Primeiro, a cena, logo no início, quando Charlotte fica sabendo da presença da filha Helena na casa da filha Eva. Contrariada, Charlotte — eu tenho outra opção, pergunta ela — concorda em ver a filha doente. O enquadramento em close expressivamente ruborizado das três, cada uma com suas sensações e vibrações interiores, é preciso e chocante. Interminável. Ali está presente toda essa mistura terrível de sentimentos, confusão e destruição nas relações mãe/filha. Ali estão presentes as provocações que só a arte parece conseguir desvendar. Ali está presente o fantástico fotógrafo Sven Nykvist que, a partir de 1953, passou a ser o inseparável diretor de fotografia dos filmes de Bergman — é considerado, por muitos, um dos grandes fotógrafos da história do cinema. Ali está presente enfim o resumo artístico da genialidade de Bergman.
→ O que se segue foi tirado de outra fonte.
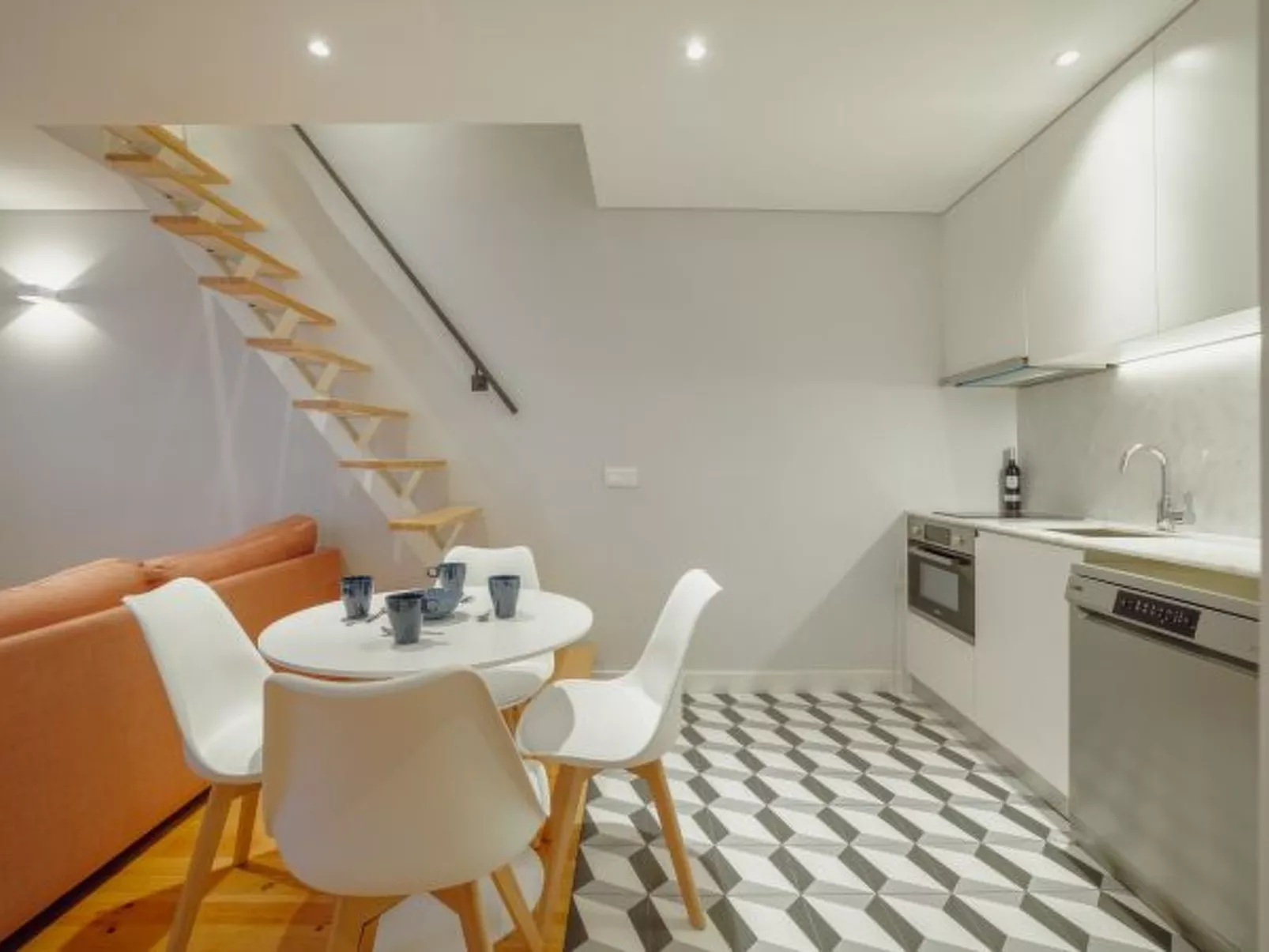 DOWNTOWN AMAZING DUPLEX by VACATIONY - Inside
A segunda cena é a do piano, quando a filha e depois a mãe tocam o Prelúdio n. 2 de Chopin. Se dizem que cinema é close, e é no close onde tudo acontece, é onde a alma sai do limbo e se transforma em assombração, então é preciso assistir a esta cena e ver como o poder da mãe esmaga impiedosamente a tentativa de a filha ser ela mesma. Não há espaço para a filha no mundo. Para onde a filha vai, para onde a filha se vira, para onde a filha olha, lá está a presença invisível da mãe, pronta para roubar-lhe o sentido do existir. Esta é a terrível cena do piano.

Diante do que se disse acima, vamos pinçar, rapidamente, apenas uma assombração. O eterno embate dos filhos em achar que os pais vão se ajustar a eles, às suas necessidades afetivas e de autoestima. E o eterno embate dos pais em criar expectativas em relação a seus filhos, sem ao menos perguntar a esses filhos se realmente concordam com tais expectativas. E se estão dispostos a cumpri-las. As fantasias paternas anulam o humano nos filhos, assim como a frustrada ansiedade dos filhos em relação ao amor dos pais gera dores intermináveis. Sonata de Outono, neste aspecto, se transforma num grito de alerta.

Em suma. O filme coloca uma questão moderna para a mulher. A mulher profissional bem sucedida que, para conquistar e manter o sucesso, tem que se separar do lar e se distanciar dos filhos e marido. Foi o que aconteceu com Charlotte? Ou Charlotte é apenas o modelo inevitável da mãe que transfere suas cicatrizes de mulher para a sua filha indefesa? Quando se trata de relação mãe-filha, para onde se olha, ouvem-se muitas perguntas e nenhuma resposta. Ah, sim! Podemos ter uma resposta para a pergunta que segue. Quem vem primeiro, a mãe ou a filha? Pode-se responder, mas a resposta nada explicará.